2022年1月23日日曜日、愛知県北設楽郡東栄町振草と設楽町神田の間にある旧海老街道(振草道・ふりくさ道)の花丸峠の峠道のうち、設楽町神田側の峠道を探索してきました。
ここ花丸峠の峠道は、峠の北側である東栄町振草側については2020年5月30日に踏査済みなので、今回は南側である設楽町神田側を探索してみることにしたわけです。

※地理院地図(電子国土Web)に加筆。
国道473号の路肩に車を駐車し、東栄町月と設楽町神田の間に残る里道跡を歩いて、まずは無名の峠までやって来ました。
この場所から、愛知県道424号に指定されている徒歩道は、花丸峠へと向かって一直線に登っていくように地形図に描かれています。

※地理院地図(電子国土Web)に加筆。
いろんな方々がレポートしているので、答え自体は知っているのですが(笑)、やはり自分の目で見ないといけませんからね。
県道があるはずの斜面を見上げています。いくつものレポートのとおり、道らしきものは何も見当たりませんね…。

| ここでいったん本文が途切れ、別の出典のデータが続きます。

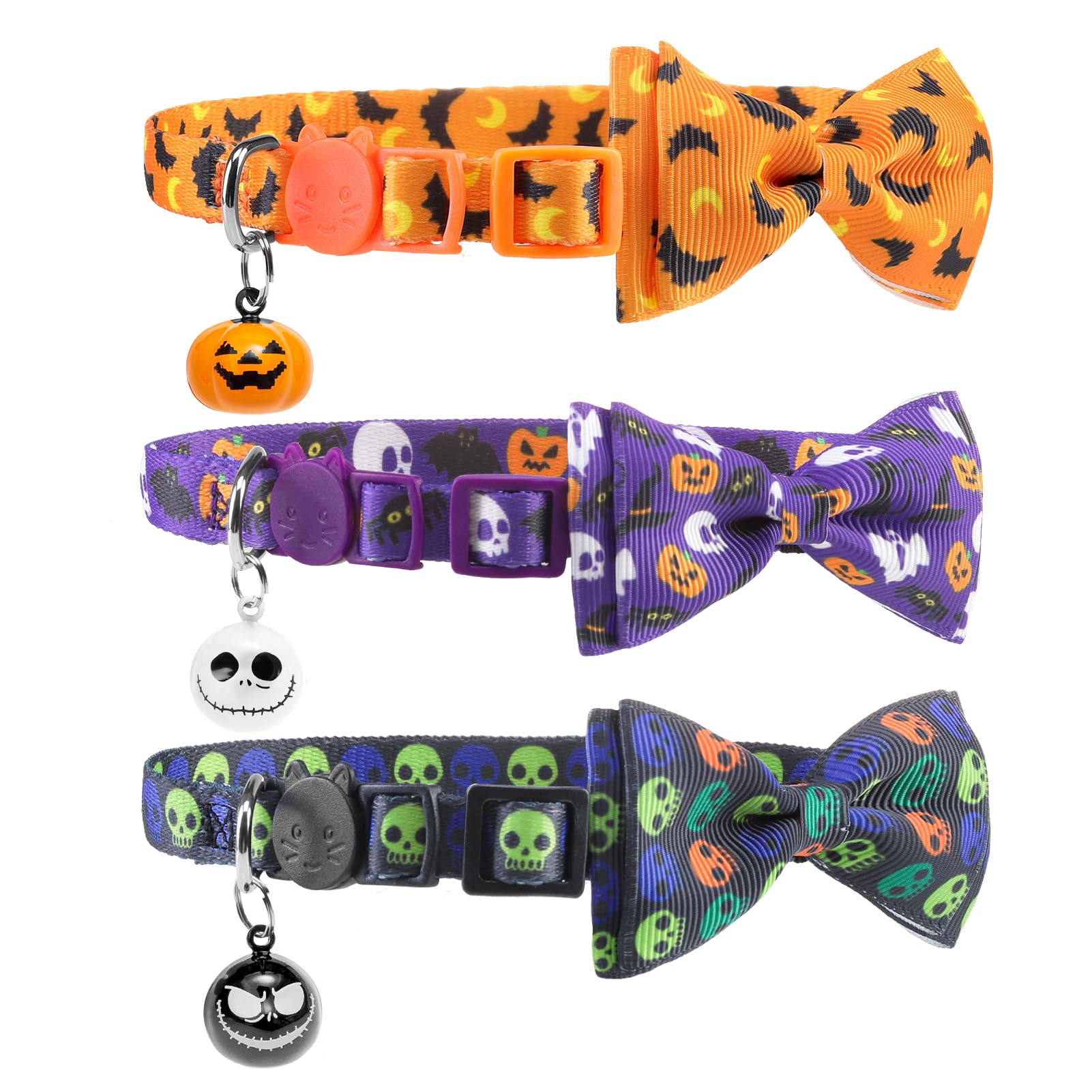 PUPTECK Halloween Bow Tie Cat Collar with Bell - Breakaway Safety 3-Pack, Adjustable Bowtie Kitten Collars for Boy & Girl Cats, Puppies, Bunnies and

しかし、道は無くともこの斜面を登っていかないと花丸峠へはたどり着けません。正面に見えている斜面へと取り付いて尾根まで登り、そこから尾根筋をさらに登っていきます。
息を切らせつつ旧海老街道へと出てきました。
やはりと言うか、自分の目で確かめても地形図にあるような徒歩道は存在しませんでした。このようなケースはまま存在しますが、国の機関が発行している地図でも完璧に当てにできるわけではないということです。

※地理院地図(電子国土Web)に加筆。
さて、ここから直接旧海老街道の峠道を下って探索を始めてもいいのですが、あくまでも今回の探索の起点は花丸峠なので、きちんと峠まで登ることにします。
ほんの2分ほど歩くと花丸峠に到着です。
場所はこちら。地形図が示す花丸峠と実際の花丸峠の位置も若干違いますね。

※地理院地図(電子国土Web)に加筆。
あろうことか、峠の石碑が台座から地面へと転がり落ちています。
この石碑は名号碑(みょうごうひ)と呼ばれるもので、「南無阿弥陀仏」と彫られています。石碑の側面には「元禄十三…」と年号があり、西暦で言うと1700年にこの峠に立てられたものとわかります。

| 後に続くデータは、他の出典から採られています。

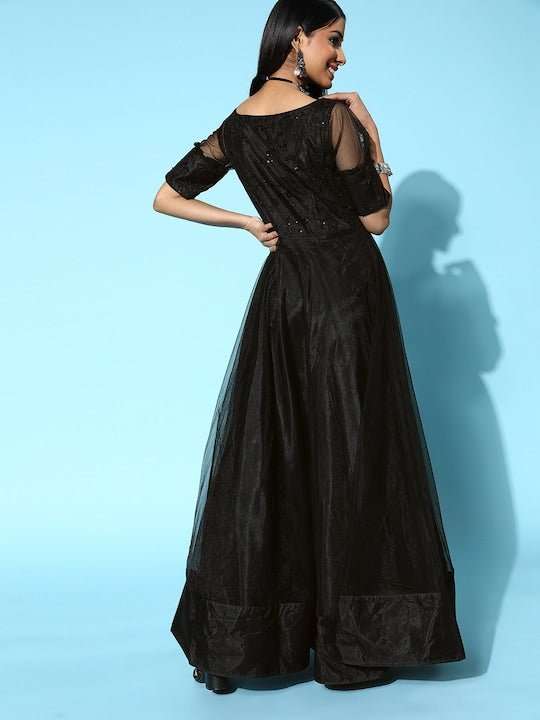 Women Classic Black Ethnic Motifs Swirling Volume Dress - Inddus.com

寝転がっている石碑を軽く動かしてみたら、私でも持ち上げられそうだったので、「よいしょっと。」と腰を入れて持ち上げ、台座の上へと据え直しました。
この石碑は名号碑ですが、道標も兼ねています。「右ハ(は)月道」、「左ハ(は)粟代道」と刻まれています。行き先の下には、この石碑の施主名が彫られているようです。
刻まれている地名についてですが、「月」は東栄町大字月、「粟代」は東栄町大字振草の字ですが、現在は上粟代と下粟代があります。「月」は花丸峠から東方で田口(設楽町田口)と本郷(東栄町本郷)を結ぶ里道沿い、「粟代」は花丸峠から北方で旧海老街道沿いにあります。

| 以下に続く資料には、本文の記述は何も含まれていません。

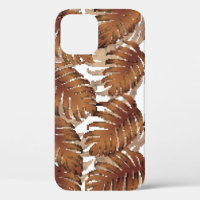Palm Monstera Seamless Pattern. Orange White Tropi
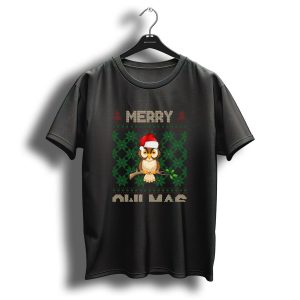 Merry Christmas Owl With Santa Hat And Knitted Tree T Shirt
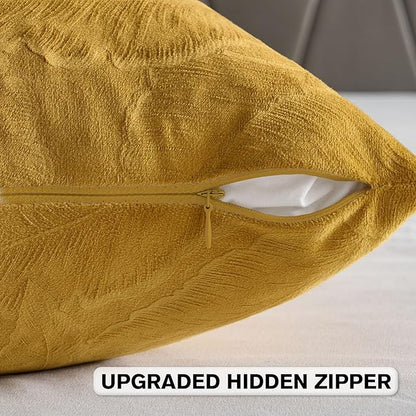 FUTEI Golden Yellow Velvet Throw Pillow Covers 16x16 Inch Set of 2,Soft Embossed Leaf-Relief Textured Cushion Cases,Natural Home Decor for Couch Living Room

峠の切り通しにもう一つ立っている石碑。「祖方良意禅男位」と刻まれています。
右側面には「明治三十年…」もしくは「三十一年…」、左側面には「富山縣富山市稲荷町」、「本名 玆原佐七事 ○○○○ 豊崎佐七 ○○四十一歳」とあります。以前にも書きましたが、どうしてこの奥三河の峠に立つ石碑にはるか遠い「富山市」の「佐七さん」の名が彫られているのか?佐七さんがこの峠道で亡くなり建てられたのか?佐七さんは旅行者だったのか?行商人だったのか?花丸峠を越えてどこへ向かおうとしていたのか?いろいろ謎は尽きないですねぇ。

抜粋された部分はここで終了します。